There is little doubt that we are likely to see increasing numbers of dilapidations disputes between landlords and tenants of commercial property. The Dilapidations Protocol within the Civil Procedure Rules (formally titled the Pre-Action Protocol for Claims for Damages in Relation to the Physical State of Commercial Property at Termination of a Tenancy), together with the relevant RICS guidance note, represent best practice for parties looking to pursue or meet a dilapidations claim. However, there can be practical or commercial issues when it comes to complying with these rules. So how do terminal dilapidations claims actually tend to work and to what extent should parties adhere to the rules for such claims?

Where should parties start in assessing a dilapidations claim?

The first point for parties to consider in a dilapidations situation is the extent of the tenant’s repairing obligations. By way of example, any schedule of condition attached to the lease will usually restrict the extent of repairs required by a tenant.
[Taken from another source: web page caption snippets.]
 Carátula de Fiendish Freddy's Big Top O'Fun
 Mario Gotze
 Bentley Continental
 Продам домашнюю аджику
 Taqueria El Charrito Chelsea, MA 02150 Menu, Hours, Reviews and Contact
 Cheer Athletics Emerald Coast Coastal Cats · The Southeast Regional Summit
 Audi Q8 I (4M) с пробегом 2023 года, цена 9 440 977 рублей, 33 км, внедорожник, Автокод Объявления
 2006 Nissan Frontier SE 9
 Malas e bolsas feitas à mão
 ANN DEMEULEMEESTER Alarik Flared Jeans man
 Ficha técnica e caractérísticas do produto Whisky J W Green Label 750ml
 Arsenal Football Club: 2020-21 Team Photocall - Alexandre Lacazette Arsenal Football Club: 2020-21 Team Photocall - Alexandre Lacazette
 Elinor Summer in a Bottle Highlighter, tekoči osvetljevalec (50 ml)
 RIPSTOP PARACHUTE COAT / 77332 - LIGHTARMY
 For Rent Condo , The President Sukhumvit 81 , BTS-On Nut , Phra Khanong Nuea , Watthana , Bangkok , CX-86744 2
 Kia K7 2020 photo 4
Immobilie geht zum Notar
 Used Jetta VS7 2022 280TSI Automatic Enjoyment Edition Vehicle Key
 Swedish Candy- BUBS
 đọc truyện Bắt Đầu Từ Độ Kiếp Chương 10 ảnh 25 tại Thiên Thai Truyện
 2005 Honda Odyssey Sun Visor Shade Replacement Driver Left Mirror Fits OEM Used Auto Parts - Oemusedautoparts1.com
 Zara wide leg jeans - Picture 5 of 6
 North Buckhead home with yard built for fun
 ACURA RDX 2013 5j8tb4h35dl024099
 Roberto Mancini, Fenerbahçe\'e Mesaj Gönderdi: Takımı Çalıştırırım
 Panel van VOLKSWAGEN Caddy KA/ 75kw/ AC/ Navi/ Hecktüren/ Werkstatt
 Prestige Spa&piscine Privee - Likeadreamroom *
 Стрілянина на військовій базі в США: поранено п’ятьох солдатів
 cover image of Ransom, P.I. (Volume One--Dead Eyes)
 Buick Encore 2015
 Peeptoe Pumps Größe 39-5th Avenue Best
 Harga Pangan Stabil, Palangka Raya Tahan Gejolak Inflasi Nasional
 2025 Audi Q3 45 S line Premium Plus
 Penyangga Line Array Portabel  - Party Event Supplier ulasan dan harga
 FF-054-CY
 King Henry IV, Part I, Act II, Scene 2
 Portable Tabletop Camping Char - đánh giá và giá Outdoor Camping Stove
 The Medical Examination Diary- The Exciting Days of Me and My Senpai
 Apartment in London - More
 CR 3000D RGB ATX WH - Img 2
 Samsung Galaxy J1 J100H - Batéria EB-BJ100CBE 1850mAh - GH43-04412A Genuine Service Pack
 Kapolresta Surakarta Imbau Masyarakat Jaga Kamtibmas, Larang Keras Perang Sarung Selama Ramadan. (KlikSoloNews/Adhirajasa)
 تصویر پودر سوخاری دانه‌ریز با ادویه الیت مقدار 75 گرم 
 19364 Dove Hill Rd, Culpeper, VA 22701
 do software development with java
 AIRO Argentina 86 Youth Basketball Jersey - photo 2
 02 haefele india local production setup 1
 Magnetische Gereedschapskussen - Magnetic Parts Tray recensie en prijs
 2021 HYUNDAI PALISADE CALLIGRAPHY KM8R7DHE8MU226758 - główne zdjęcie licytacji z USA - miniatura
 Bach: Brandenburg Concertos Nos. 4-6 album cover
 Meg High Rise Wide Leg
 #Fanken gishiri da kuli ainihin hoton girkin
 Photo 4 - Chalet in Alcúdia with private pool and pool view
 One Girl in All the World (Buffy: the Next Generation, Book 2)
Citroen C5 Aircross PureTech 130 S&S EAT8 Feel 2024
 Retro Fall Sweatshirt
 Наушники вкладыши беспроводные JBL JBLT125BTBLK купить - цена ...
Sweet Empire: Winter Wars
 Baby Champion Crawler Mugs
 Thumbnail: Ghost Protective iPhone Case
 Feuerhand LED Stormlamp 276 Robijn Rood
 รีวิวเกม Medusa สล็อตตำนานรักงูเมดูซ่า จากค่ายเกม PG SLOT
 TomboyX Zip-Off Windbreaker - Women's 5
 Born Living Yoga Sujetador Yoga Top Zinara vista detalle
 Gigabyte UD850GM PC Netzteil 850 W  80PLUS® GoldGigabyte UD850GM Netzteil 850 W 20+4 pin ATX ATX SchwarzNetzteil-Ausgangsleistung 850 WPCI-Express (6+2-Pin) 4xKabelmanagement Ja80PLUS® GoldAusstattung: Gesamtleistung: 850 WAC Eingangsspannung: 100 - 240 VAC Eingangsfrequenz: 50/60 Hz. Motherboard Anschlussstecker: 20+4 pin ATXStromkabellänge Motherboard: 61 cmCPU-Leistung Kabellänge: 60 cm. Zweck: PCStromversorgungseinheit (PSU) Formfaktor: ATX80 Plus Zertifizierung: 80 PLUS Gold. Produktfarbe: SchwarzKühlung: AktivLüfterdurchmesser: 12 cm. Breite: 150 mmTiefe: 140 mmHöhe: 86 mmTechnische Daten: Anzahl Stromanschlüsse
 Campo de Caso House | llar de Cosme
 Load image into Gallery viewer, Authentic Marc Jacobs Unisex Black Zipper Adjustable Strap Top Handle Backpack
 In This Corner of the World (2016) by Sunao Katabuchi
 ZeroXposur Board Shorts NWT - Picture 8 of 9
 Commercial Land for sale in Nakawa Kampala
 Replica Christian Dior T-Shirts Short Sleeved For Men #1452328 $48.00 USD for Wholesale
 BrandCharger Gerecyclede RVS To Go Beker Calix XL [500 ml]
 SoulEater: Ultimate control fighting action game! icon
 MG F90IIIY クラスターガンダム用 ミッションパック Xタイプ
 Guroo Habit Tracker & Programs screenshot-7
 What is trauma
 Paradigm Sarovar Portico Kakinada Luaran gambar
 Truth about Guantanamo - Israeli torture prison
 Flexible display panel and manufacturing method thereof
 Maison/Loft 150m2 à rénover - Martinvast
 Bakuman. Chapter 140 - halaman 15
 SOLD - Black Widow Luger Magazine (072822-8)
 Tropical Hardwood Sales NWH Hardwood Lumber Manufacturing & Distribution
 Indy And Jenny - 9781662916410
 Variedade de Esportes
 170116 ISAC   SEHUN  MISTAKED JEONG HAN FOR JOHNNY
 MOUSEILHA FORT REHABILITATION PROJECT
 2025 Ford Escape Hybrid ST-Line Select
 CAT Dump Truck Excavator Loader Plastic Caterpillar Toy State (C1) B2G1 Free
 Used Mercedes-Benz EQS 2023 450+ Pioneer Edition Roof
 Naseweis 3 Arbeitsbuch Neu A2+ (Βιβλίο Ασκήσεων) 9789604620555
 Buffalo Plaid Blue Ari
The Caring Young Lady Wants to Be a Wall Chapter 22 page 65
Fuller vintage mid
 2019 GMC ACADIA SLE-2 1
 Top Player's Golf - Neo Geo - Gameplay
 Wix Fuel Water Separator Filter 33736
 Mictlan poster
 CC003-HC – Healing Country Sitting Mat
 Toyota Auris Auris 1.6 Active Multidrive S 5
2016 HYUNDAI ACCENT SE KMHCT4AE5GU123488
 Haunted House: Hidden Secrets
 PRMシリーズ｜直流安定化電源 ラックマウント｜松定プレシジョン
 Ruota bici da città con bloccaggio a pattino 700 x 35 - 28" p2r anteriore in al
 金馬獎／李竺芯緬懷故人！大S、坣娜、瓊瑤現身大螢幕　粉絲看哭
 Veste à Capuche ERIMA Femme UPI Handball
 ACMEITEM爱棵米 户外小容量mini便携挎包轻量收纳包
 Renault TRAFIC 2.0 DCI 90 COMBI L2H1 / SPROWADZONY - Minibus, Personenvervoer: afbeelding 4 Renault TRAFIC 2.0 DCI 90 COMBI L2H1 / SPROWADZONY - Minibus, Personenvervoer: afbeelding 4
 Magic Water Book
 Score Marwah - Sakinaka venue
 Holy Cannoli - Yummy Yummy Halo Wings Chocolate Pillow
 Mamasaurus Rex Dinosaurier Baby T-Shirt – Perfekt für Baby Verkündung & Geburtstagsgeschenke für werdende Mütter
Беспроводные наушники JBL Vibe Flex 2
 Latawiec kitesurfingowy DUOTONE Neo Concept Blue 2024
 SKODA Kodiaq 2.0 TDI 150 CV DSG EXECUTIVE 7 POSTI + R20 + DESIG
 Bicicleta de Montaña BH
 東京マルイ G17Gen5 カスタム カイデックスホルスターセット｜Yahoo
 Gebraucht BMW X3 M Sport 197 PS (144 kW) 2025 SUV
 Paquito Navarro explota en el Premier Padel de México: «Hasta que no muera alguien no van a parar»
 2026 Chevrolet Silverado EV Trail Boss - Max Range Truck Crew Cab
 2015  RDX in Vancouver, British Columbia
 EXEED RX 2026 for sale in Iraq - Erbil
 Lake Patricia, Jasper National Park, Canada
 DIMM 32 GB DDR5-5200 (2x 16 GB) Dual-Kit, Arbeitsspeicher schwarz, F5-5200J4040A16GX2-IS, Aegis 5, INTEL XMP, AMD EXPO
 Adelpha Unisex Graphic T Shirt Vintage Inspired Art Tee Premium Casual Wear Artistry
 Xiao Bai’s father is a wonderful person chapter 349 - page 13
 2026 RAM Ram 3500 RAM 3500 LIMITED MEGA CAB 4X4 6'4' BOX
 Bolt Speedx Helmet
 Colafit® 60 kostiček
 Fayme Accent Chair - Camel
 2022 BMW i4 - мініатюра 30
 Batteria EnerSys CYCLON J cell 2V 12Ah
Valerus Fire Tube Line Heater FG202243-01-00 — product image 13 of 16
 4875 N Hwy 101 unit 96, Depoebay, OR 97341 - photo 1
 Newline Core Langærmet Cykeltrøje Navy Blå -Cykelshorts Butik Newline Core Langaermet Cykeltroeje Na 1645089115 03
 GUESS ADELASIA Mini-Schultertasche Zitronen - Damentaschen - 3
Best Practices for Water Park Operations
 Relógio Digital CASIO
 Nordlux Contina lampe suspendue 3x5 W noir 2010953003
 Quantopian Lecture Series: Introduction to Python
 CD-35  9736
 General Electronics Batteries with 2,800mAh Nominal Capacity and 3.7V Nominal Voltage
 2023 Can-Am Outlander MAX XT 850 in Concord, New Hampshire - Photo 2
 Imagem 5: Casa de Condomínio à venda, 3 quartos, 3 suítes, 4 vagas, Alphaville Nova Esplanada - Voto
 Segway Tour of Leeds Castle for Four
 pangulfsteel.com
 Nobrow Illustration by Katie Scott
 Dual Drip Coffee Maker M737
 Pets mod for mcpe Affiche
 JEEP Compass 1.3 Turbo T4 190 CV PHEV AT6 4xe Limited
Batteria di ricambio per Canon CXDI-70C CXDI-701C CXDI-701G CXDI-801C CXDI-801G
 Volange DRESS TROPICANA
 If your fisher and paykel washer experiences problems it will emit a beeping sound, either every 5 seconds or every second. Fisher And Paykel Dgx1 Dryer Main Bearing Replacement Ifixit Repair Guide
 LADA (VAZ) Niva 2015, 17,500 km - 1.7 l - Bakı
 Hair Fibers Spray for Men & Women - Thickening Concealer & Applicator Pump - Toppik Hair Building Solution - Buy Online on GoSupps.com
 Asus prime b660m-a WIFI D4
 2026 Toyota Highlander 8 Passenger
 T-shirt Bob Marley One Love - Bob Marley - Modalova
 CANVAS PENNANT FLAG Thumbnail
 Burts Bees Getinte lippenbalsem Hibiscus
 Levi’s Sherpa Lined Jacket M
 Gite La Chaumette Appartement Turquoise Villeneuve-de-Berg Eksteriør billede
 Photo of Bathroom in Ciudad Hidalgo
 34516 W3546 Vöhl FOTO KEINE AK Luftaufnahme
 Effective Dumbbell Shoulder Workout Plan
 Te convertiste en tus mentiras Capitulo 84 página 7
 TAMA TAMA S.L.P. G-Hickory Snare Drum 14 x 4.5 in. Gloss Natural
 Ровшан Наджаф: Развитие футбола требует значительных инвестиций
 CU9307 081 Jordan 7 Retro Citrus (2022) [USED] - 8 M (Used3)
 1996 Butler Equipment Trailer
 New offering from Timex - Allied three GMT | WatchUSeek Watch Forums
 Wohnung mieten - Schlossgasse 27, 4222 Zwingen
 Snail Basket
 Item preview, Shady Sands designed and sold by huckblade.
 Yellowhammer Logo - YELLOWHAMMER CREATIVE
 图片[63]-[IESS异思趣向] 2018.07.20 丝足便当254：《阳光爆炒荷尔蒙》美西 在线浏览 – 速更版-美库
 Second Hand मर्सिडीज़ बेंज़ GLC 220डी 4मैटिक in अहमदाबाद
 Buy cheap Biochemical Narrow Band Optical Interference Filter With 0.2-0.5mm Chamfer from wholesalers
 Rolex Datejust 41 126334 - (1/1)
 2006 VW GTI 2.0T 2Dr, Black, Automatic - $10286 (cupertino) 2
Following on from assessing the extent of the tenant’s repairing obligations, a landlord will want to establish whether there has been a breach of these responsibilities. Of course, tenants need to keep in mind that there is usually nothing in the lease to require a landlord to inform the tenant of the repairs required before the expiry of the lease – which can be particularly frustrating for a tenant trying to exercise a break option conditional on compliance or “material compliance” with the lease.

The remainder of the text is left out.